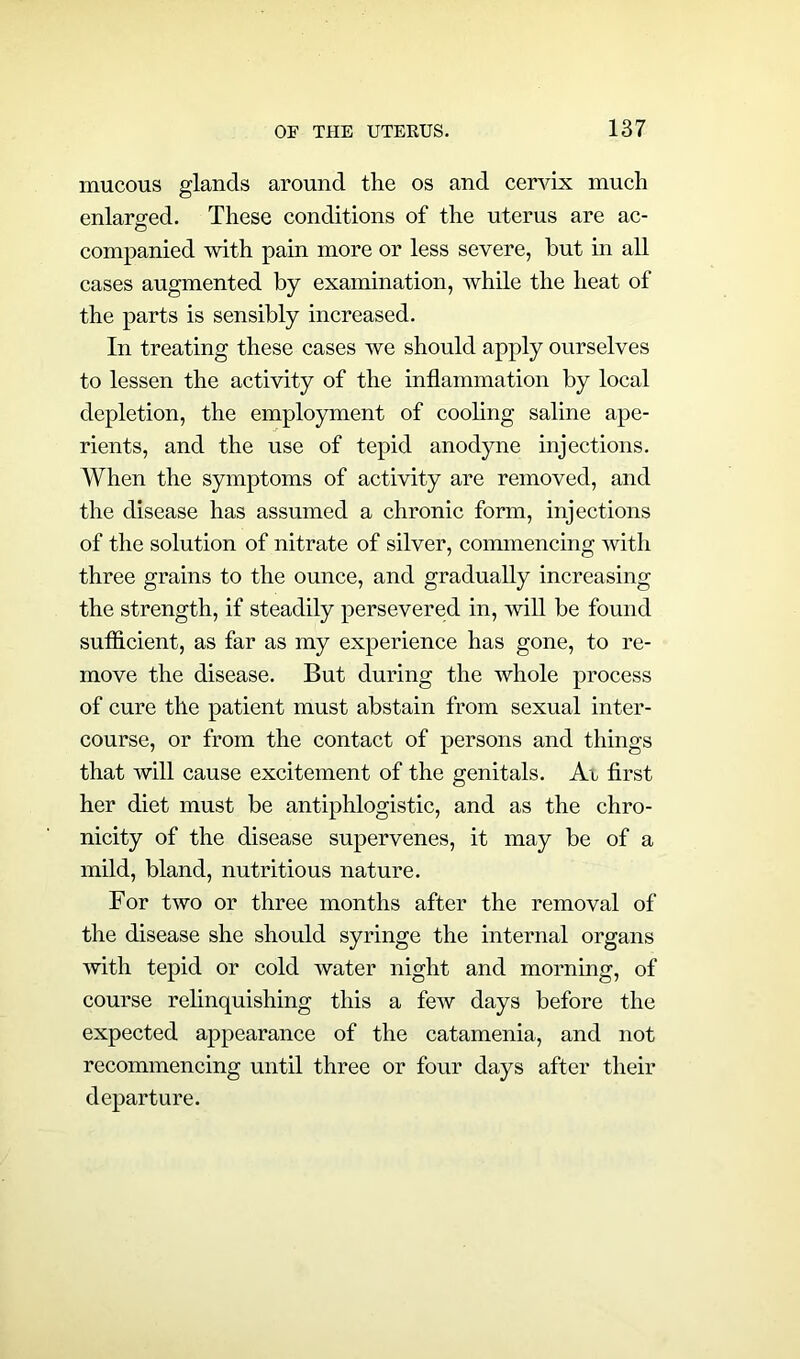mucous glands around the os and cervix much enlarged. These conditions of the uterus are ac- companied with pain more or less severe, hut in all cases augmented by examination, while the heat of the parts is sensibly increased. In treating these cases we should apply ourselves to lessen the activity of the inflammation by local depletion, the employment of cooling saline ape- rients, and the use of tepid anodyne injections. When the symptoms of activity are removed, and the disease has assumed a chronic form, injections of the solution of nitrate of silver, commencing with three grains to the ounce, and gradually increasing the strength, if steadily persevered in, will be found sufficient, as far as my experience has gone, to re- move the disease. But during the whole process of cure the patient must abstain from sexual inter- course, or from the contact of persons and things that will cause excitement of the genitals. Ar first her diet must be antiphlogistic, and as the chro- nicity of the disease supervenes, it may be of a mild, bland, nutritious nature. For two or three months after the removal of the disease she should syringe the internal organs with tepid or cold water night and morning, of course relinquishing this a few days before the expected appearance of the catamenia, and not recommencing until three or four days after their departure.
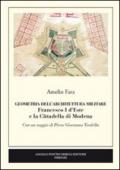 Geometria dell'architettura militare. Francesco I d'Este e la Cittadella di Modena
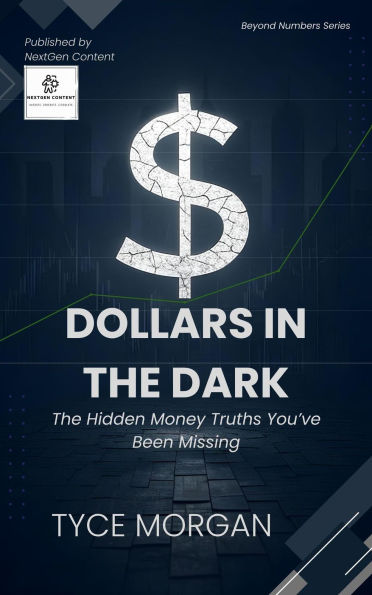 Dollars in the Dark: The Hidden Money Truths You've Been Missing (Beyond Numbers)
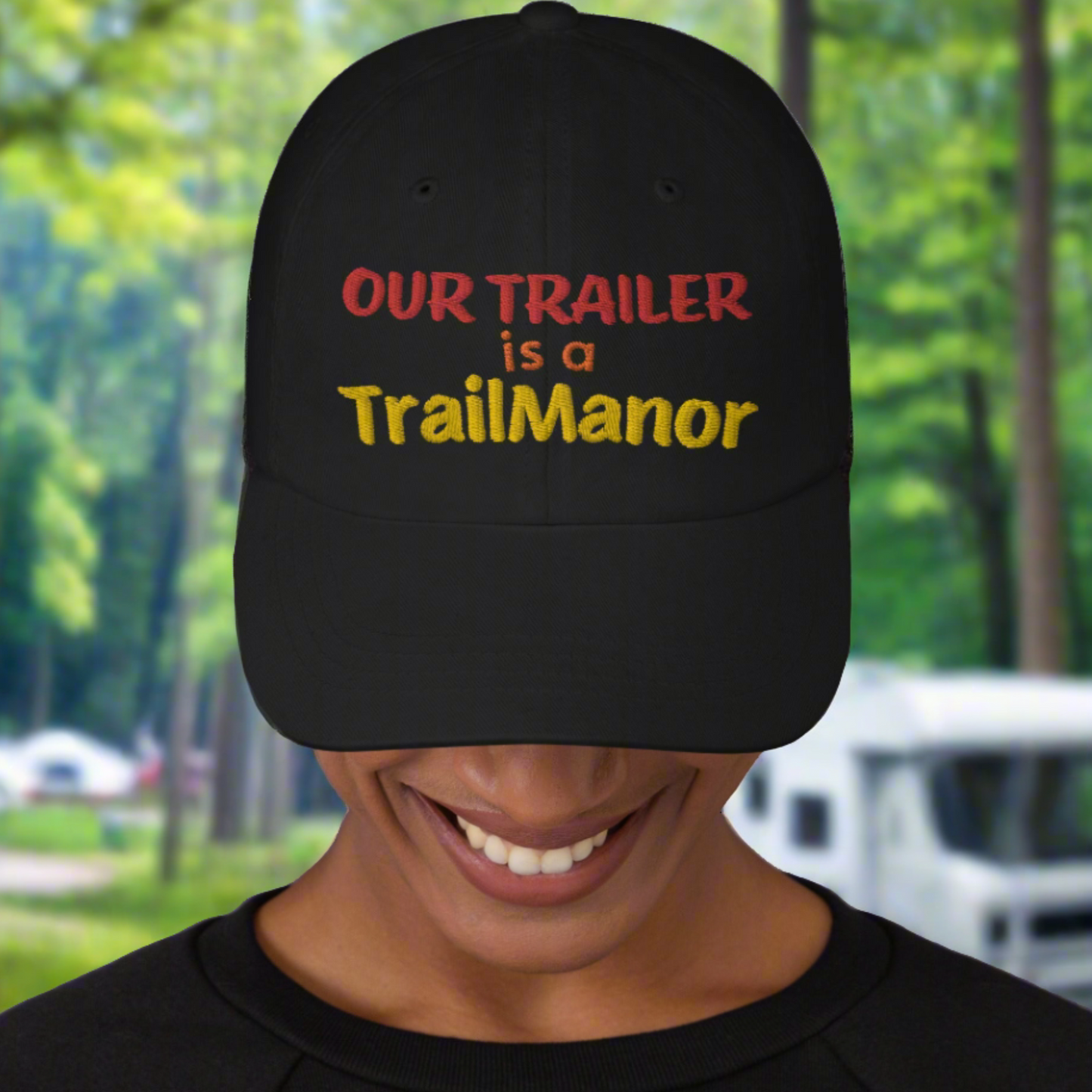 Our Trailer is a TRAILMANOR - Embroidered Dad Hat
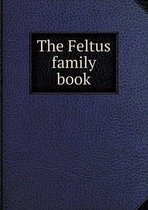 The Feltus family book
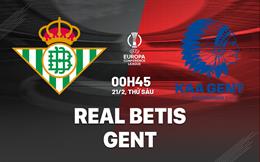 Nhận định bóng đá Real Betis vs Gent 0h45 ngày 21/2 (Conference League 2024/25)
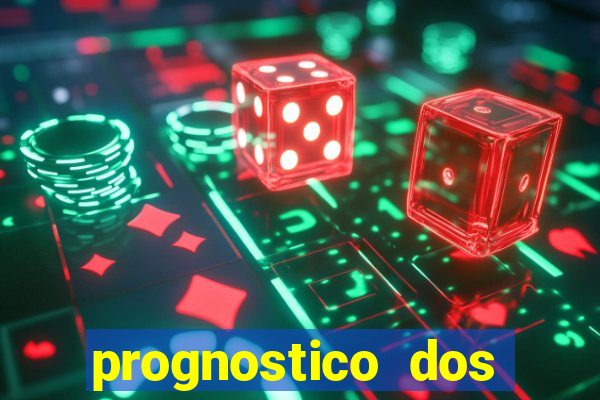 prognostico dos jogos de hoje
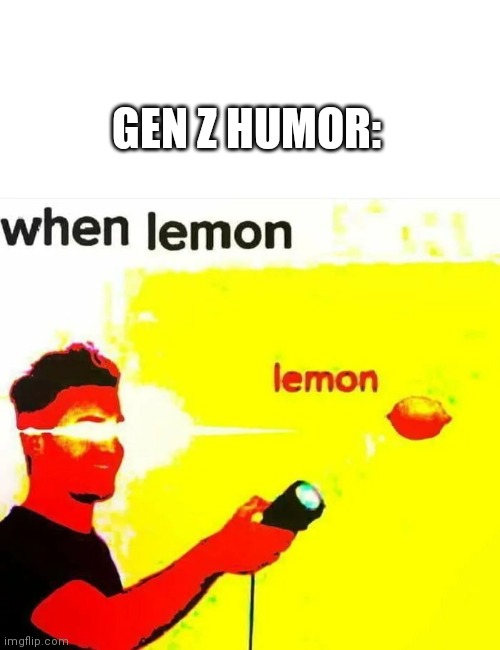 Lemon | GEN Z HUMOR: | image tagged in blank white template,lemons | made w/ Imgflip meme maker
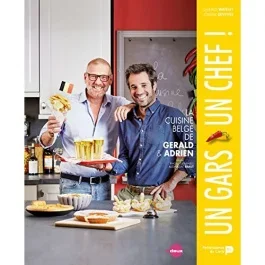 Un gars, un chef. La cuisine belge de Gerald et Adrien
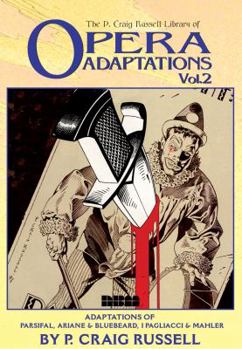 Hardcover The P. Craig Russell Library of Opera Adaptations: Vol. 2: Adaptations of Parsifal, Ariane & Bluebeard, I Pagliacci & Songs by Mahler Book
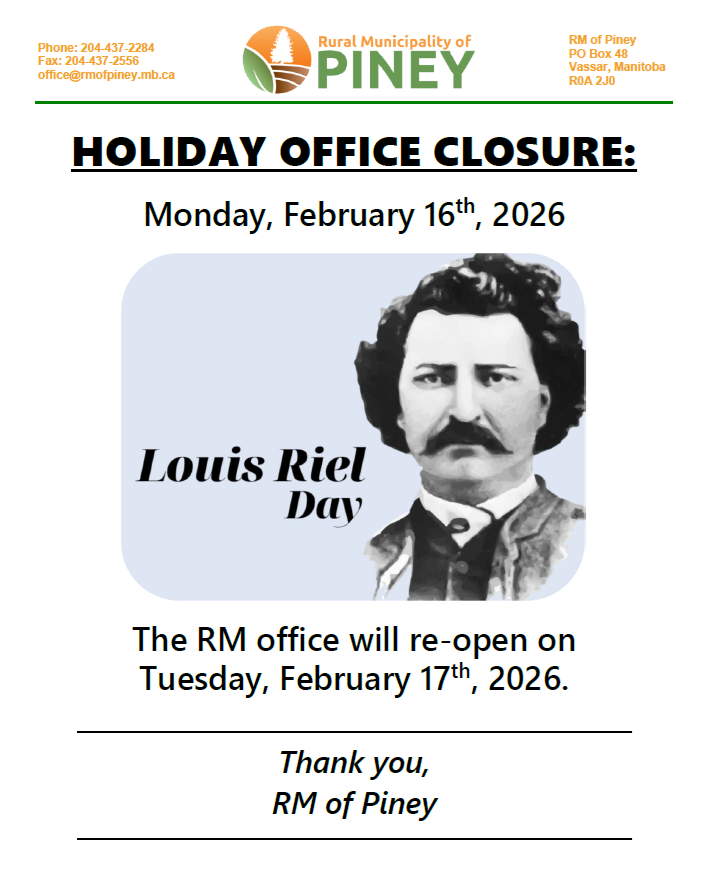 The RM Office will be closed for Louis Riel Day February 16th, 2026.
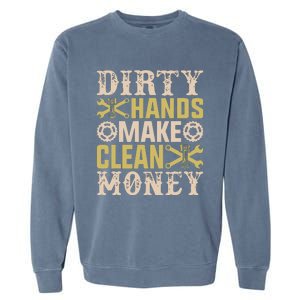 Dirty Hands But The Money I Clean Car Lovers Enthusiast Garment-Dyed Sweatshirt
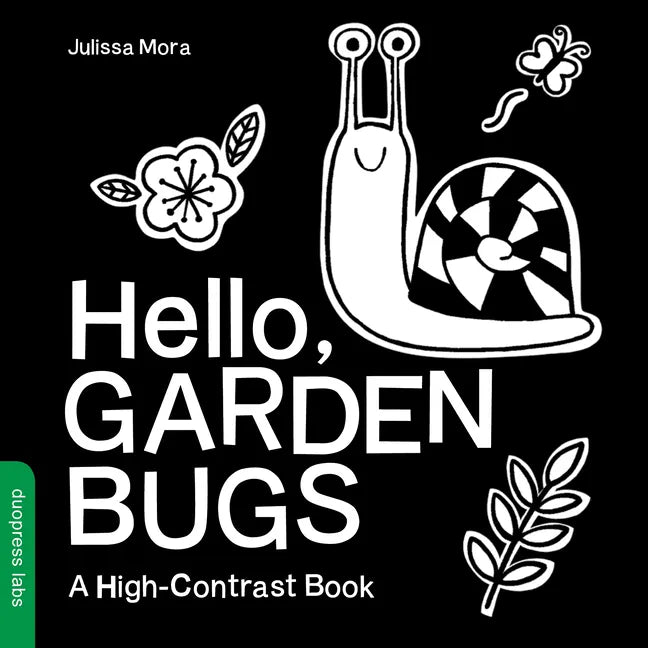 Hello, Garden Bugs: A High-Contrast Board Book That Helps Visual Development in Newborns and Babies - Board Book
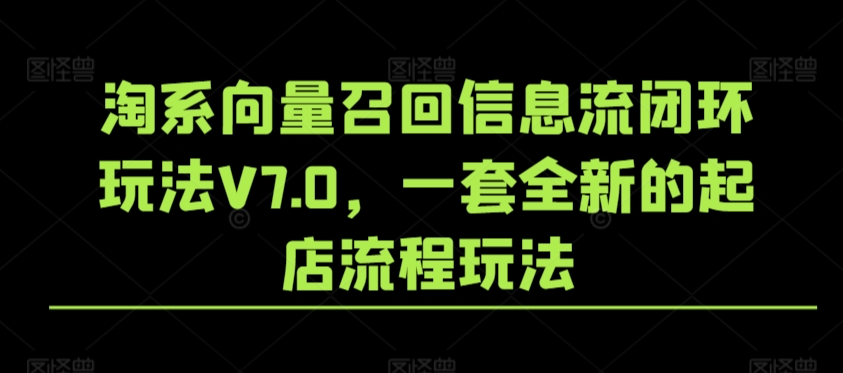 淘系向量召回信息流闭环玩法V7.0，一套全新的起店流程玩法-七安资源网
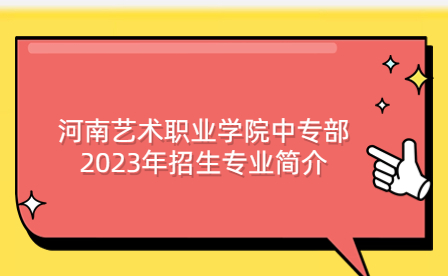 河南藝術(shù)職業(yè)學(xué)院中專(zhuān)部2023年招生專(zhuān)業(yè)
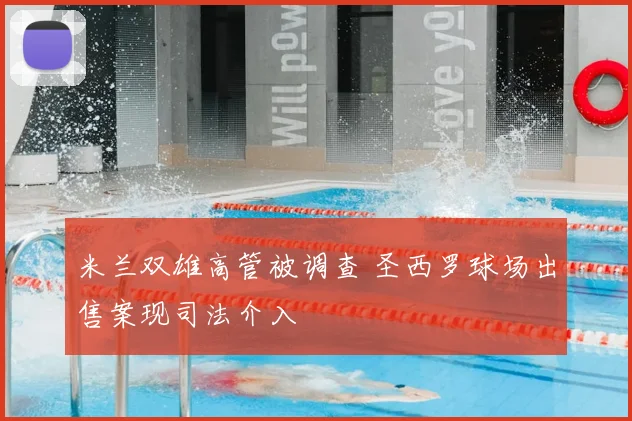 米兰双雄高管被调查 圣西罗球场出售案现司法介入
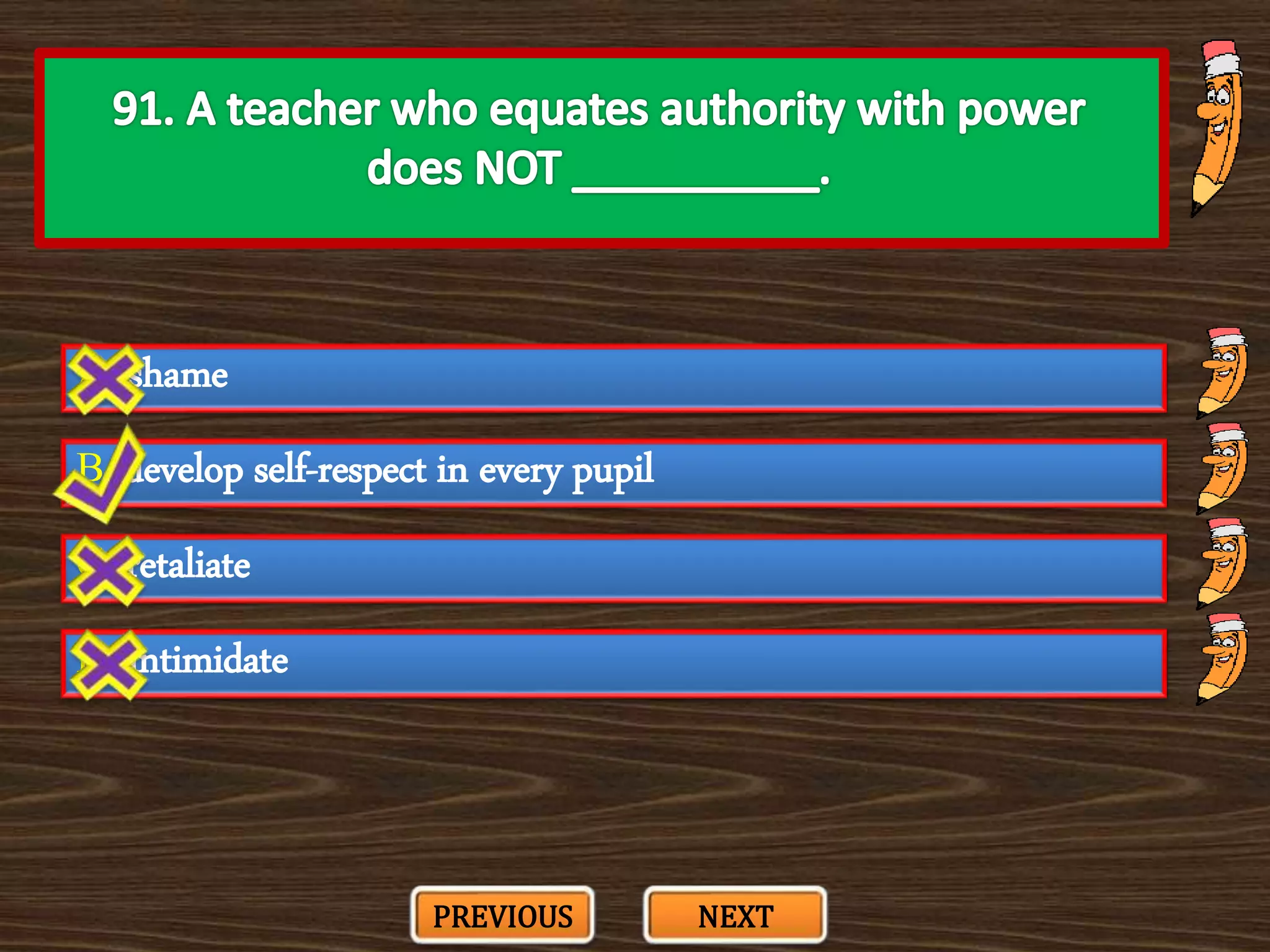A. shame
C. retaliate
B. develop self-respect in every pupil
D. intimidate
PREVIOUS NEXT
 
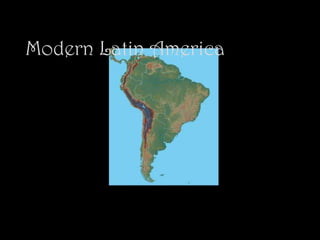 Modern Latin America By  Kyle Fluck History 141 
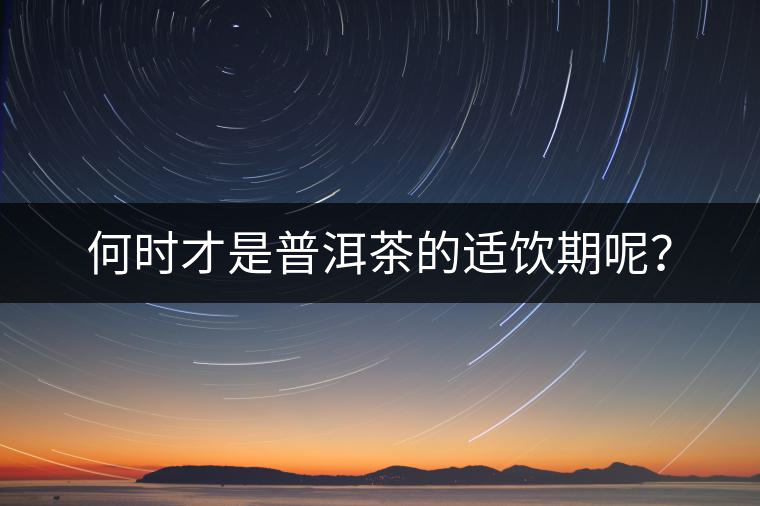 何時(shí)才是普洱茶的適飲期呢？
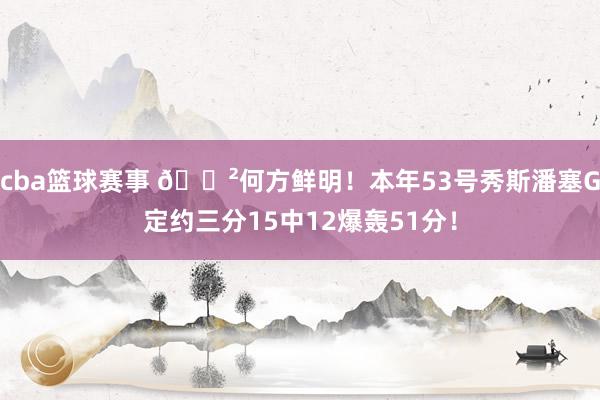 cba篮球赛事 😲何方鲜明！本年53号秀斯潘塞G定约三分15中12爆轰51分！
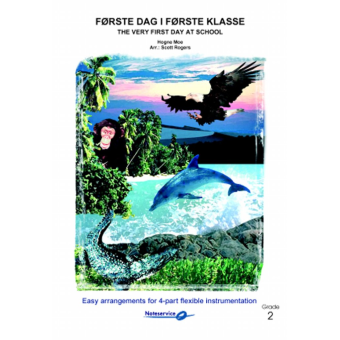 The Very First Day at School / Første dag i første klasse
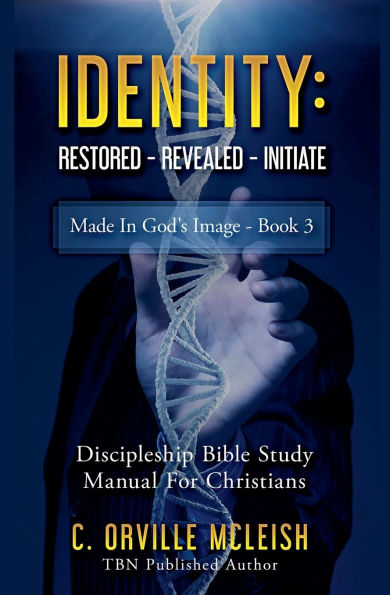 Identity Restored - Revealed Initiate: Discipleship Bible Study Manual for Born-Again Christians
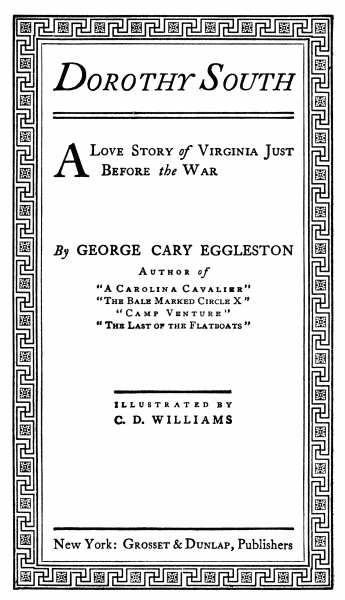 Dorothy South
A Love Story of Virginia Just Before the War
By GEORGE CARY EGGLESTON
Author of
“A Carolina Cavalier” “The Bale Marked Circle X” “Camp Venture” “The
Last of the Flatboats”
ILLUSTRATED BY C. D. WILLIAMS
New York: Grosset & Dunlap, Publishers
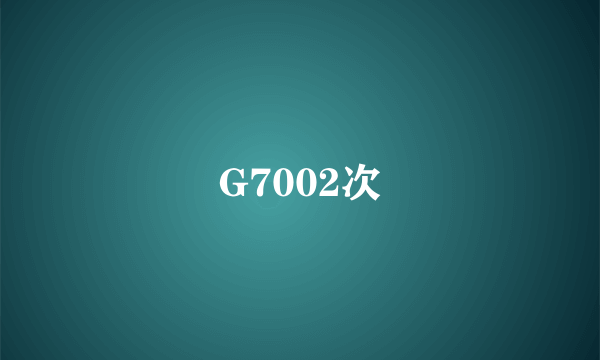 G7002次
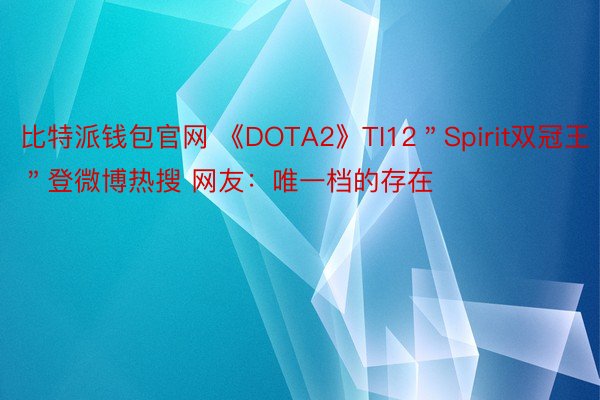 比特派钱包官网 《DOTA2》TI12＂Spirit双冠王＂登微博热搜 网友：唯一档的存在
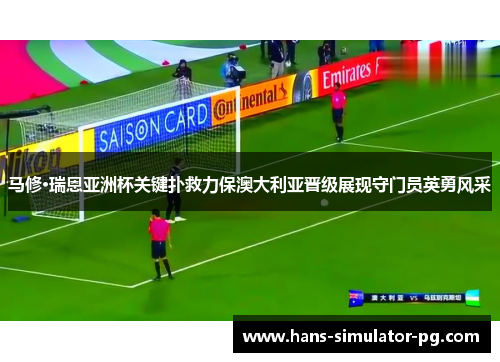 马修·瑞恩亚洲杯关键扑救力保澳大利亚晋级展现守门员英勇风采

# PROBLEM REQUIREMENTS
Pictures in the entries are to be skipped, and everything else repeated word for word.

# SOLUTION BELOW
mucous glands around the os and cervix much enlarged. These conditions of the uterus are ac- companied with pain more or less severe, hut in all cases augmented by examination, while the heat of the parts is sensibly increased. In treating these cases we should apply ourselves to lessen the activity of the inflammation by local depletion, the employment of cooling saline ape- rients, and the use of tepid anodyne injections. When the symptoms of activity are removed, and the disease has assumed a chronic form, injections of the solution of nitrate of silver, commencing with three grains to the ounce, and gradually increasing the strength, if steadily persevered in, will be found sufficient, as far as my experience has gone, to re- move the disease. But during the whole process of cure the patient must abstain from sexual inter- course, or from the contact of persons and things that will cause excitement of the genitals. Ar first her diet must be antiphlogistic, and as the chro- nicity of the disease supervenes, it may be of a mild, bland, nutritious nature. For two or three months after the removal of the disease she should syringe the internal organs with tepid or cold water night and morning, of course relinquishing this a few days before the expected appearance of the catamenia, and not recommencing until three or four days after their departure.
 Geometria dell'architettura militare. Francesco I d'Este e la Cittadella di Modena
 Dollars in the Dark: The Hidden Money Truths You've Been Missing (Beyond Numbers)
 Our Trailer is a TRAILMANOR - Embroidered Dad Hat
 The Feltus family book
 Nhận định bóng đá Real Betis vs Gent 0h45 ngày 21/2 (Conference League 2024/25)
 prognostico dos jogos de hoje
 Lemon | GEN Z HUMOR: | image tagged in blank white template,lemons | made w/ Imgflip meme maker
 Un gars, un chef. La cuisine belge de Gerald et Adrien
 Hardcover The P. Craig Russell Library of Opera Adaptations: Vol. 2: Adaptations of Parsifal, Ariane & Bluebeard, I Pagliacci & Songs by Mahler Book
 The RM Office will be closed for Louis Riel Day February 16th, 2026.
 Dirty Hands But The Money I Clean Car Lovers Enthusiast Garment-Dyed Sweatshirt
 Hello, Garden Bugs: A High-Contrast Board Book That Helps Visual Development in Newborns and Babies - Board Book
 淘系向量召回信息流闭环玩法V7.0，一套全新的起店流程玩法-七安资源网
 河南藝術(shù)職業(yè)學(xué)院中專(zhuān)部2023年招生專(zhuān)業(yè)
 米兰双雄高管被调查 圣西罗球场出售案现司法介入
A. shame
C. retaliate
B. develop self-respect in every pupil
D. intimidate
PREVIOUS NEXT
 
 Modern Latin America By  Kyle Fluck History 141 
 何時(shí)才是普洱茶的適飲期呢？
 cba篮球赛事 😲何方鲜明！本年53号秀斯潘塞G定约三分15中12爆轰51分！
 The Very First Day at School / Første dag i første klasse
 Identity Restored - Revealed Initiate: Discipleship Bible Study Manual for Born-Again Christians
 Dorothy South
A Love Story of Virginia Just Before the War
By GEORGE CARY EGGLESTON
Author of
“A Carolina Cavalier” “The Bale Marked Circle X” “Camp Venture” “The
Last of the Flatboats”
ILLUSTRATED BY C. D. WILLIAMS
New York: Grosset & Dunlap, Publishers
 G7002次
 比特派钱包官网 《DOTA2》TI12＂Spirit双冠王＂登微博热搜 网友：唯一档的存在
 马修·瑞恩亚洲杯关键扑救力保澳大利亚晋级展现守门员英勇风采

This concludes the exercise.